EU-Fischereiförderung
Warum muss die Fischerei von Staats wegen reglementiert werden? Die Antwort lautet: weil die lebenden Ressourcen sowohl des Meeres wie der Binnengewässer nicht beliebig und unbegrenzt reproduzierbar sind und deswegen auf das Gleichgewicht zwischen Fangkapazitäten und vorhandenen Ressourcen geachtet werden muss.

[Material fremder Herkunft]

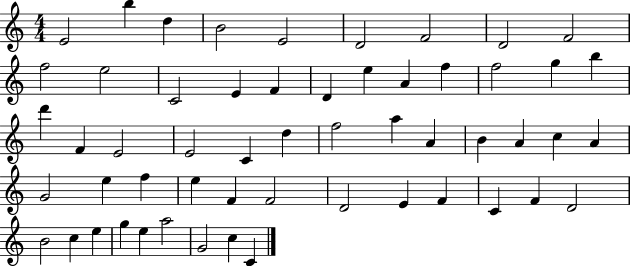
E4/h B5/q D5/q B4/h E4/h D4/h F4/h D4/h F4/h F5/h E5/h C4/h E4/q F4/q D4/q E5/q A4/q F5/q F5/h G5/q B5/q D6/q F4/q E4/h E4/h C4/q D5/q F5/h A5/q A4/q B4/q A4/q C5/q A4/q G4/h E5/q F5/q E5/q F4/q F4/h D4/h E4/q F4/q C4/q F4/q D4/h B4/h C5/q E5/q G5/q E5/q A5/h G4/h C5/q C4/q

Wie die Landwirtschaft gehört auch die Seefischerei in die ausschließliche Zuständigkeit der Europäischen Gemeinschaft. Man spricht deshalb auch von einer "Gemeinsamen Fischereipolitik", abgekürzt "GFP". Mit Hilfe der GFP reguliert die Europäische Union die Fischerei zum Wohle der Allgemeinheit und speziell der Fischer und der Verbraucher.
Dies vollzieht sich in vier großen Bereichen, nämlich
- der Erhaltung und Bewirtschaftung der Ressourcen, in der Seefischerei vor allem durch die Gestaltung der Flottenstruktur, die Festsetzung von Fangmengen, die Begrenzung der Fangtätigkeit, den Erlass technischer Vorschriften (z.B. zur Gestaltung der Fanggeräte oder zur Ausweisung von Schutzgebieten) und durch die Kontrolle der Fangtätigkeit,
- durch strukturpolitische Maßnahmen zur Unterstützung der Bereiche Fischerei und Aquakultur bei der Anpassung ihrer Ausstattung und ihrer Organisationsform an die Anforderungen, die sich durch knappe Ressourcen und Marktlage ergeben. In diesem Bereich erfolgt die Unterstützung durch die Gemeinschaft über den Europäischen Fischereifonds (EFF);
- der Aufrechterhaltung eines Marktes für Fischereierzeugnisse durch eine gemeinsame Marktorganisation, in dem Angebot und Nachfrage in einem ausgeglichenen Verhältnis zueinander stehen,
- der Gestaltung guter internationaler Beziehungen durch den Abschluss von Fischereiabkommen mit Drittstaaten und die Mitarbeit in internationalen oder regionalen Fischereiorganisationen.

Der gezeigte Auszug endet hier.